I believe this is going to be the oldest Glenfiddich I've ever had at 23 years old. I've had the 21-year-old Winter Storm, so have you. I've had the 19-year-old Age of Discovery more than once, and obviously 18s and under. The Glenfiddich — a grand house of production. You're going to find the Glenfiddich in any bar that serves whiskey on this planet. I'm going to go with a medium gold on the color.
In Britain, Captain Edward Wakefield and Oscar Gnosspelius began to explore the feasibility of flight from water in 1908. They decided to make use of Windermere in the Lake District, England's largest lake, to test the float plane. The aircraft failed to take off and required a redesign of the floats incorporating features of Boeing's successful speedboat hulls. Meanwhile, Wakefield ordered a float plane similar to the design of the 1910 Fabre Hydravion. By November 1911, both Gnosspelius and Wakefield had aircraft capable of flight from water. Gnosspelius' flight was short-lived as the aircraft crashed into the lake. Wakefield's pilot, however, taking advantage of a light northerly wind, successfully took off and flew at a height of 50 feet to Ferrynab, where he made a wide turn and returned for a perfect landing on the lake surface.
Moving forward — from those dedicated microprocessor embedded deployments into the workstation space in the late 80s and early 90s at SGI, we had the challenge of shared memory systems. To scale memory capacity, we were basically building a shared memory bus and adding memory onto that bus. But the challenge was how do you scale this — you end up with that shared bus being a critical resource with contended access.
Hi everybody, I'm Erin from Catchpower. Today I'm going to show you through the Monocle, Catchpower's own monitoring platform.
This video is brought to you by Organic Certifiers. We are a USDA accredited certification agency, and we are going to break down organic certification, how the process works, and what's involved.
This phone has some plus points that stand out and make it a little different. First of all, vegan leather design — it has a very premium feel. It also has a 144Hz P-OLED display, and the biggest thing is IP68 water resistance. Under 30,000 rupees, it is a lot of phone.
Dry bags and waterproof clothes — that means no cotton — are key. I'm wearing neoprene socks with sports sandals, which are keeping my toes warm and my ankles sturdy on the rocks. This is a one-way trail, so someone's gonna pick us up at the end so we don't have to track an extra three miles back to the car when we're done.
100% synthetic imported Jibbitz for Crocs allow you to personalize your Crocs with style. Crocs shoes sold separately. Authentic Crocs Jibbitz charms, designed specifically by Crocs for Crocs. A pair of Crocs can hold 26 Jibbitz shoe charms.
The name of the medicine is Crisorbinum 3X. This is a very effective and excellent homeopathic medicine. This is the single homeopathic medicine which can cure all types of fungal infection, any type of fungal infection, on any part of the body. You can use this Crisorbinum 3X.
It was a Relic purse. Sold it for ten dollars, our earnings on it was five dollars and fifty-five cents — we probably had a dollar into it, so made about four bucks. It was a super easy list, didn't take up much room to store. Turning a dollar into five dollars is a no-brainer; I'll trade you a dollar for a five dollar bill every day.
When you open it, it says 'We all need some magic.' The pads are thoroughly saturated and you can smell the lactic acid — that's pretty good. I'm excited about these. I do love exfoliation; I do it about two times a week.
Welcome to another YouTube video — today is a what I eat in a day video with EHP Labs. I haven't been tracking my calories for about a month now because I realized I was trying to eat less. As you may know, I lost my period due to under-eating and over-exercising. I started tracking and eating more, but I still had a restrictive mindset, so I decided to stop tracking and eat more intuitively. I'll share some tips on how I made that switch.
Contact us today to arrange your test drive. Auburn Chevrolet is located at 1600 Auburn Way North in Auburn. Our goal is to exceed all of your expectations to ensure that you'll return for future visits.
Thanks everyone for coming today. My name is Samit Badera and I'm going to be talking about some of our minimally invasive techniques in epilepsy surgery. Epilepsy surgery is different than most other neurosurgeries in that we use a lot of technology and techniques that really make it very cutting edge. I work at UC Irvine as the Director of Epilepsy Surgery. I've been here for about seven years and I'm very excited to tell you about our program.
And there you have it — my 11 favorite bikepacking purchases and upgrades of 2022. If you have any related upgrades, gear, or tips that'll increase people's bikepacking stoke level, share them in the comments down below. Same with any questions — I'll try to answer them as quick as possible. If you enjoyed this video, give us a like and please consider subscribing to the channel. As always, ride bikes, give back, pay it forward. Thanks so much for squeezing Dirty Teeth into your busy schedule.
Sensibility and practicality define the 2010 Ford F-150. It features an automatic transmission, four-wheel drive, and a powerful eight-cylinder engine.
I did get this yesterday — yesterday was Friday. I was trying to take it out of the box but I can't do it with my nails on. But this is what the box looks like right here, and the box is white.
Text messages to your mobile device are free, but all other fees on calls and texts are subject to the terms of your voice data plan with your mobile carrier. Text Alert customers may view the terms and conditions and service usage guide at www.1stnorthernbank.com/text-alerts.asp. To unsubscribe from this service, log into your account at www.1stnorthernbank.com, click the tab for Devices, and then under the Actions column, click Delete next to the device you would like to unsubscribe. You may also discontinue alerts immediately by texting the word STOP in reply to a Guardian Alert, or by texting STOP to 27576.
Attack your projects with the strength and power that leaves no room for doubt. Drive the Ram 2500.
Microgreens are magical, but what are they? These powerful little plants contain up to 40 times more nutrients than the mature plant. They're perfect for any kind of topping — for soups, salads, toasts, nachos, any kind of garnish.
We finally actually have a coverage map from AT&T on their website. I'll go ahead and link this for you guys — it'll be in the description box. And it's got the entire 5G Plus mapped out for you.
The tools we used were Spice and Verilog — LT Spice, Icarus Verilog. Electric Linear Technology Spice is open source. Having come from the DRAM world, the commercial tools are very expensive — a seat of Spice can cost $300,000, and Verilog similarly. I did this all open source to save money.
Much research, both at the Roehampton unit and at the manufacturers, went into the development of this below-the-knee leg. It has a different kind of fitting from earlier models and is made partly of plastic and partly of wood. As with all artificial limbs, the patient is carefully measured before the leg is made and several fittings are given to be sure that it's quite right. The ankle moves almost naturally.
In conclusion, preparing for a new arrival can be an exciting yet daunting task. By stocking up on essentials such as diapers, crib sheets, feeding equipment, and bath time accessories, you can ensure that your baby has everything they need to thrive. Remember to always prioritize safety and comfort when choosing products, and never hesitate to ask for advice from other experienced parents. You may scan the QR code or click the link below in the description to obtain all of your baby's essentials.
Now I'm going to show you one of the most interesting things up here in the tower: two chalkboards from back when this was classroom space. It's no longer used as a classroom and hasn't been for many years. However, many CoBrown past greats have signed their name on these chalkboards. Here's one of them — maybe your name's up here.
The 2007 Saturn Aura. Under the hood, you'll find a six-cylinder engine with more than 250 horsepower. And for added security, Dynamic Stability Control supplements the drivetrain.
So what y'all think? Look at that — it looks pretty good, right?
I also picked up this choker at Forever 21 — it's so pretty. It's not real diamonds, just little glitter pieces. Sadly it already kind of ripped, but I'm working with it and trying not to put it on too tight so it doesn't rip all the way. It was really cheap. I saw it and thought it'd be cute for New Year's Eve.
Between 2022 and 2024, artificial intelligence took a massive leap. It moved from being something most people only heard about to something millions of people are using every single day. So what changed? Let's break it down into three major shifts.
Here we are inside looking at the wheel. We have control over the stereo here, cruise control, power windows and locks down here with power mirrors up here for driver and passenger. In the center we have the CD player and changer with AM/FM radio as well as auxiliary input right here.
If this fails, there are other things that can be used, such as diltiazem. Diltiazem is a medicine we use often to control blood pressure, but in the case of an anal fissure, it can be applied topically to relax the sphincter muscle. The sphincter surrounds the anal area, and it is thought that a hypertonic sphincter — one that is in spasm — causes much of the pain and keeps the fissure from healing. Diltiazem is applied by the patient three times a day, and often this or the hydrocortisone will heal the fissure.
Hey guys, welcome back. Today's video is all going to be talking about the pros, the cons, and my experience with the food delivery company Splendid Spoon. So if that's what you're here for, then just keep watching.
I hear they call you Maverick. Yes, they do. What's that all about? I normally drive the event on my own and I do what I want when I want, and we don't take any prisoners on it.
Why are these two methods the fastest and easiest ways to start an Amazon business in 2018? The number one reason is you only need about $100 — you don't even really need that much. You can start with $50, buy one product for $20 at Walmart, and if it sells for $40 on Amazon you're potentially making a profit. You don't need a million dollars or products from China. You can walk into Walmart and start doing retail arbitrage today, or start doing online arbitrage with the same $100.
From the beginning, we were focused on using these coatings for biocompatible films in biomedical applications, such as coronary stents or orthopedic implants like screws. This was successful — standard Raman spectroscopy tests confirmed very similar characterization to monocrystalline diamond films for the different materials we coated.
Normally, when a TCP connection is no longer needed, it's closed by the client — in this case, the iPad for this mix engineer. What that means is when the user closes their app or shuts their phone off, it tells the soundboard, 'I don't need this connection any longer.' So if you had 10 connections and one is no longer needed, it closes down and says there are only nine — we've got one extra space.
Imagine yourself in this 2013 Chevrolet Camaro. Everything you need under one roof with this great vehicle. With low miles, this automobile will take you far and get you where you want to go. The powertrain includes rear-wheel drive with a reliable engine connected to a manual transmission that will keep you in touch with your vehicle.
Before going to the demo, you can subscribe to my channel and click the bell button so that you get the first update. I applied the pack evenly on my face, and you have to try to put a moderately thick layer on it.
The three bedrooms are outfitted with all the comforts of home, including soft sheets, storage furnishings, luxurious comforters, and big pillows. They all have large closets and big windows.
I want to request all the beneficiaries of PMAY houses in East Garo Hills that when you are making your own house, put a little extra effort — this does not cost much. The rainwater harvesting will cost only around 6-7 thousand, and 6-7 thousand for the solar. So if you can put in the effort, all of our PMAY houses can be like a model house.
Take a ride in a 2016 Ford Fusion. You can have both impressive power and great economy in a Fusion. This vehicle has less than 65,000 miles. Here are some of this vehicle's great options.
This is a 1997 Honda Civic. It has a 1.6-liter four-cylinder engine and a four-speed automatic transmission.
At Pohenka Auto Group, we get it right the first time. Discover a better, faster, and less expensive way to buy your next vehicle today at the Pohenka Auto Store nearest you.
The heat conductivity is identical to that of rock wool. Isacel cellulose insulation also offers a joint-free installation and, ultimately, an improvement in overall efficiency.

──────

Copy out, from the listing above, every line that contains the string "want".

I hear they call you Maverick. Yes, they do. What's that all about? I normally drive the event on my own and I do what I want when I want, and we don't take any prisoners on it.
Imagine yourself in this 2013 Chevrolet Camaro. Everything you need under one roof with this great vehicle. With low miles, this automobile will take you far and get you where you want to go. The powertrain includes rear-wheel drive with a reliable engine connected to a manual transmission that will keep you in touch with your vehicle.
I want to request all the beneficiaries of PMAY houses in East Garo Hills that when you are making your own house, put a little extra effort — this does not cost much. The rainwater harvesting will cost only around 6-7 thousand, and 6-7 thousand for the solar. So if you can put in the effort, all of our PMAY houses can be like a model house.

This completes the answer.